START Extracted data
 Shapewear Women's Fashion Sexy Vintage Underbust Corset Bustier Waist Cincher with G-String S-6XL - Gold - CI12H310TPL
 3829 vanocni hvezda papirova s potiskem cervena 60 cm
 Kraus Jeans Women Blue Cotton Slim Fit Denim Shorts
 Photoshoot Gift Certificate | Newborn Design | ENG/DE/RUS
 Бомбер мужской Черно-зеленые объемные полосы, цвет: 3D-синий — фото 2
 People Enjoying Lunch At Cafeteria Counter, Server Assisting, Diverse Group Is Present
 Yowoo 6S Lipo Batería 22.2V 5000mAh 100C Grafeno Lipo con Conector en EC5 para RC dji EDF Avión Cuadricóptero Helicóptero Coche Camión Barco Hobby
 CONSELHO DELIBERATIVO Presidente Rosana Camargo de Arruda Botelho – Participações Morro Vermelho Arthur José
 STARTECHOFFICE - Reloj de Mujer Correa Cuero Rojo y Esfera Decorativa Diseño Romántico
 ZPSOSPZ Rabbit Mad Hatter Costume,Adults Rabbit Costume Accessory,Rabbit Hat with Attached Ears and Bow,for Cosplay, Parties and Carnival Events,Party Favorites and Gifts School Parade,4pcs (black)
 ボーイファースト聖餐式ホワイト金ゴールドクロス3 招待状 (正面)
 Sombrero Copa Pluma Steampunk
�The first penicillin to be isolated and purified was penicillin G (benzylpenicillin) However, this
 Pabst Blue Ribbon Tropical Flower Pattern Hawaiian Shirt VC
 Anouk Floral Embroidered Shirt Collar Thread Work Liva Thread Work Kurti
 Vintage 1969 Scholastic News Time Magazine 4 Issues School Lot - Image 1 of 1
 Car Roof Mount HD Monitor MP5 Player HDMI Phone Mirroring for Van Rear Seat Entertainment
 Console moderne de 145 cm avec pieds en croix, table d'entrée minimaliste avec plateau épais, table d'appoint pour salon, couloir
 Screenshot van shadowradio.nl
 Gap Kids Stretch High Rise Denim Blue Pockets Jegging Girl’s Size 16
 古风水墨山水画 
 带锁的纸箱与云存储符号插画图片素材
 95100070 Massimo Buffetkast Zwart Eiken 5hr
END Extracted data
Each record above should be set down again in its exact wording.

▶ Completed task
 Shapewear Women's Fashion Sexy Vintage Underbust Corset Bustier Waist Cincher with G-String S-6XL - Gold - CI12H310TPL
 3829 vanocni hvezda papirova s potiskem cervena 60 cm
 Kraus Jeans Women Blue Cotton Slim Fit Denim Shorts
 Photoshoot Gift Certificate | Newborn Design | ENG/DE/RUS
 Бомбер мужской Черно-зеленые объемные полосы, цвет: 3D-синий — фото 2
 People Enjoying Lunch At Cafeteria Counter, Server Assisting, Diverse Group Is Present
 Yowoo 6S Lipo Batería 22.2V 5000mAh 100C Grafeno Lipo con Conector en EC5 para RC dji EDF Avión Cuadricóptero Helicóptero Coche Camión Barco Hobby
 CONSELHO DELIBERATIVO Presidente Rosana Camargo de Arruda Botelho – Participações Morro Vermelho Arthur José
 STARTECHOFFICE - Reloj de Mujer Correa Cuero Rojo y Esfera Decorativa Diseño Romántico
 ZPSOSPZ Rabbit Mad Hatter Costume,Adults Rabbit Costume Accessory,Rabbit Hat with Attached Ears and Bow,for Cosplay, Parties and Carnival Events,Party Favorites and Gifts School Parade,4pcs (black)
 ボーイファースト聖餐式ホワイト金ゴールドクロス3 招待状 (正面)
 Sombrero Copa Pluma Steampunk
�The first penicillin to be isolated and purified was penicillin G (benzylpenicillin) However, this
 Pabst Blue Ribbon Tropical Flower Pattern Hawaiian Shirt VC
 Anouk Floral Embroidered Shirt Collar Thread Work Liva Thread Work Kurti
 Vintage 1969 Scholastic News Time Magazine 4 Issues School Lot - Image 1 of 1
 Car Roof Mount HD Monitor MP5 Player HDMI Phone Mirroring for Van Rear Seat Entertainment
 Console moderne de 145 cm avec pieds en croix, table d'entrée minimaliste avec plateau épais, table d'appoint pour salon, couloir
 Screenshot van shadowradio.nl
 Gap Kids Stretch High Rise Denim Blue Pockets Jegging Girl’s Size 16
 古风水墨山水画 
 带锁的纸箱与云存储符号插画图片素材
 95100070 Massimo Buffetkast Zwart Eiken 5hr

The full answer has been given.